Clarkesworld Magazine

At the beginning of the year, I set a goal of writing a review of a literary journal or genre magazine each week. It’s been a fun and worthwhile project, but reaching the end in a few weeks is gonna be a relief. Founded in 2006, Clarkesworld Magazine publishes a monthly issues in print, electronic, and audio formats. What they say about themselves: Clarkesworld is a monthly science fiction and fantasy magazine first published in October 2006. Each issue contains interviews, thought-provoking articles, two reprints, and at least four or five works of original fiction. Our fiction is also available in ebook editions/subscriptions, audio podcasts, print issues, and in our annual print/ebook anthologies. Clarkesworld has been recognized with a World Fantasy Award, three Hugo Awards, and a British Fantasy Award.

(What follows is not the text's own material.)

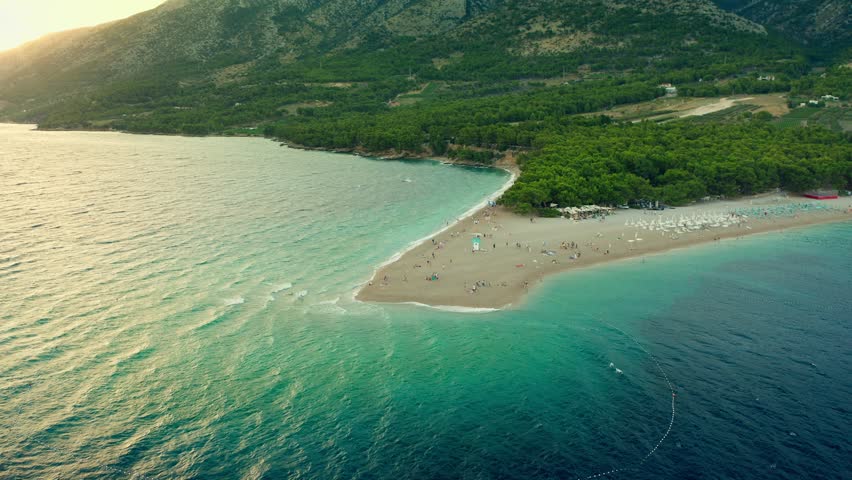 Zlatni Rat beach at sunset. People swim in the sea, swinging on the waves and watching the sunset, relaxing and sunbathing on the shore. Tourism and beach recreation on the Adriatic coast of Croatia.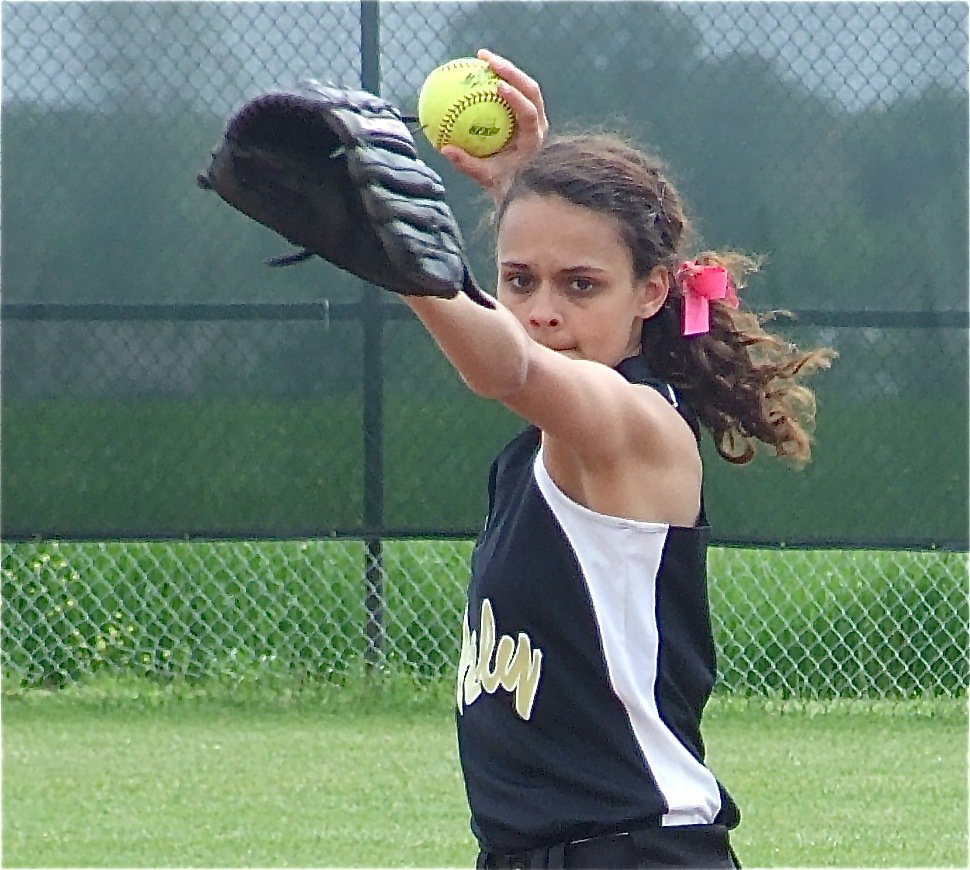 Image: Anna aims — Shortstop Anna Viers throws to first base.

Our fiction has been nominated for or won the Hugo, Nebula, World Fantasy, BSFA, Sturgeon, Locus, Shirley Jackson, Ditmar, Aurora, Aurealis, WSFA Small Press and Stoker Awards.” Issue reviewed: Issue 170 (November 2020) Genre: Science fiction One Story I’ll Remember Not to Forget: “Lost in Darkness and Distance,” by Clara Madrigano. Mia is invited to a remote Caribbean island by her rich and eccentric uncle, where she meets a clone of her cousin Charlie, who’d died at a young age. To me, science fiction is at its best when it explores the consequences of extraordinary technology on ordinary people, and this story is a beautiful exploration of the necessity of grief. Clapperboard Rating: Three Klacks. Science fiction can be overly cerebral at times, and a few stories seemed more interested in ideas rather than character. Profanometer: Sonovabitch. A mixed bag once again, with some stories using profanity as a way of showing a character’s rugged character (a lazy approach in my opinion), and others throwing in a single f-bomb to mark the story as adult reading material.